Quando chegou a hora de Sócrates sugeriu uma pena a ser imposta ao invés da pena de morte, ele sugeriu que deveria ser mantido com refeições livres, em sua homenagem, no Pritaneu, o lugar reservado para os heróis dos jogos olímpicos. Essa proposta foi considerada um grave insulto à honra do Pritaneu e da cidade de Atenas. Nesses casos, o tribunal esperava que os criminosos acusados em um julgamento que pode levá-los à pena de morte implorem pela misericórdia do tribunal, e não que se considerem merecedores de honrarias heroicas.
Condenação e Resultado
Sócrates foi condenado e sentenciado à morte (Xenofonte escreveu que Sócrates desejava por esse resultado, e o relato de Platão sobre o processo em sua obra Apologia parece confirmar esse desejo). Os últimos dias de Sócrates são narrados por Platão nas obras Eutífron, Apologia, Críton e Fédon, este último retratando o dia de sua morte (por ingestão de cicuta) cercado por seus amigos em sua cela na prisão em Atenas. Segundo Platão: “esse foi o fim de um amigo, um homem que, na minha opinião, foi o mais sábio e justo, o melhor homem que eu conheci” (Fédon, 118).

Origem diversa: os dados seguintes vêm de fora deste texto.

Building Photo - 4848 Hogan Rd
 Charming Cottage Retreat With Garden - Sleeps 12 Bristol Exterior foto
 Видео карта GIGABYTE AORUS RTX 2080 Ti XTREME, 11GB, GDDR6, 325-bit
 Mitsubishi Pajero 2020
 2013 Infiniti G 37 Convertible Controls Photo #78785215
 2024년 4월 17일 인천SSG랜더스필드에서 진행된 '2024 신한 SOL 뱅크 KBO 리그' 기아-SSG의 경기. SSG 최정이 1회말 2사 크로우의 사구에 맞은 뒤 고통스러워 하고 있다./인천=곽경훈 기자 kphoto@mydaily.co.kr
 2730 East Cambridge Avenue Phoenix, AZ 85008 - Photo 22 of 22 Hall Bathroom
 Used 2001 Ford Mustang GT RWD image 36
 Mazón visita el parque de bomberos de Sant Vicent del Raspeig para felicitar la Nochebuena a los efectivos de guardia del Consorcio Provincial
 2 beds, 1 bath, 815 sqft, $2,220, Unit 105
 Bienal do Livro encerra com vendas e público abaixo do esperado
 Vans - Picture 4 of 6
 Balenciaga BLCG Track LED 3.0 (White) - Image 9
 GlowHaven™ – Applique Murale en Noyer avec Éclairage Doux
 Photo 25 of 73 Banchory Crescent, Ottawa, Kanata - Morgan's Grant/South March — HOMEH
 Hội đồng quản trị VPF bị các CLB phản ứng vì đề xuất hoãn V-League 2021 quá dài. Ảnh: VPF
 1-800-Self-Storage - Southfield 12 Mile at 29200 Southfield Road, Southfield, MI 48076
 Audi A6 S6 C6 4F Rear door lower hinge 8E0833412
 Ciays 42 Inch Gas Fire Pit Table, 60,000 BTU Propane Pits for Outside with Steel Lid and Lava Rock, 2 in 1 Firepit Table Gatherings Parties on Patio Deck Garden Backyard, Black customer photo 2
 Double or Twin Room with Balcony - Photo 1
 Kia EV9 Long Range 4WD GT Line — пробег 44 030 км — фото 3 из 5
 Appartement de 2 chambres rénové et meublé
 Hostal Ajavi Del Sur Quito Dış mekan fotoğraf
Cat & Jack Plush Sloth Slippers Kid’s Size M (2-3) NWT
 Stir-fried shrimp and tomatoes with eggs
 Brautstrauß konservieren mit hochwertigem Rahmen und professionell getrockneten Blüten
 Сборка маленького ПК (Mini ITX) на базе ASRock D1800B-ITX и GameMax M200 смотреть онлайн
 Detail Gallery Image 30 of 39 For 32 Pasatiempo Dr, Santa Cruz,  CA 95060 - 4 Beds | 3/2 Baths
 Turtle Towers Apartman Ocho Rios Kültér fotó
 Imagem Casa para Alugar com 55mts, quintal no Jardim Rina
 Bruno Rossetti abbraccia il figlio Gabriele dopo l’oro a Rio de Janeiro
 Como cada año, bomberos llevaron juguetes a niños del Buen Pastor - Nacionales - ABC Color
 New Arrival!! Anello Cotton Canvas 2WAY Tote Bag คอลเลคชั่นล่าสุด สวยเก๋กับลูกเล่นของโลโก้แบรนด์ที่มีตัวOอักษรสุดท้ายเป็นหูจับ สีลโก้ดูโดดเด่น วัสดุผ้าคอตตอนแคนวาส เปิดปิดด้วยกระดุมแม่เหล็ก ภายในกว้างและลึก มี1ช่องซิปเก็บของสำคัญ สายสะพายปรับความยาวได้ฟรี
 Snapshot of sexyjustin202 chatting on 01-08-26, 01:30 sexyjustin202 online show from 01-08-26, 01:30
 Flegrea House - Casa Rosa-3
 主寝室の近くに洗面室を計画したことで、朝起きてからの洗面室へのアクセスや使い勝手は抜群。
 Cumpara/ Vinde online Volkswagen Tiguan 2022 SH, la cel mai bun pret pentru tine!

A influência de Sócrates foi sentida imediatamente nas ações de seus discípulos, à medida que formavam suas próprias interpretações sobre a vida, os ensinamentos e a sua morte. Seus discípulos passaram a formar suas próprias escolas filosóficas e a escrever sobre suas experiências com seu mestre. De todos os escritos, sobreviveram apenas os trabalhos de Platão, Xenofonte, uma representação cômica deixada por Aristófanes e os últimos trabalhos de Aristóteles para nos contar um pouco da vida de Sócrates. Ele, por si mesmo, não escreveu nada, mas suas palavras e ações na busca e na defesa da verdade mudaram o mundo e seu exemplo ainda inspira as pessoas nos dias de hoje.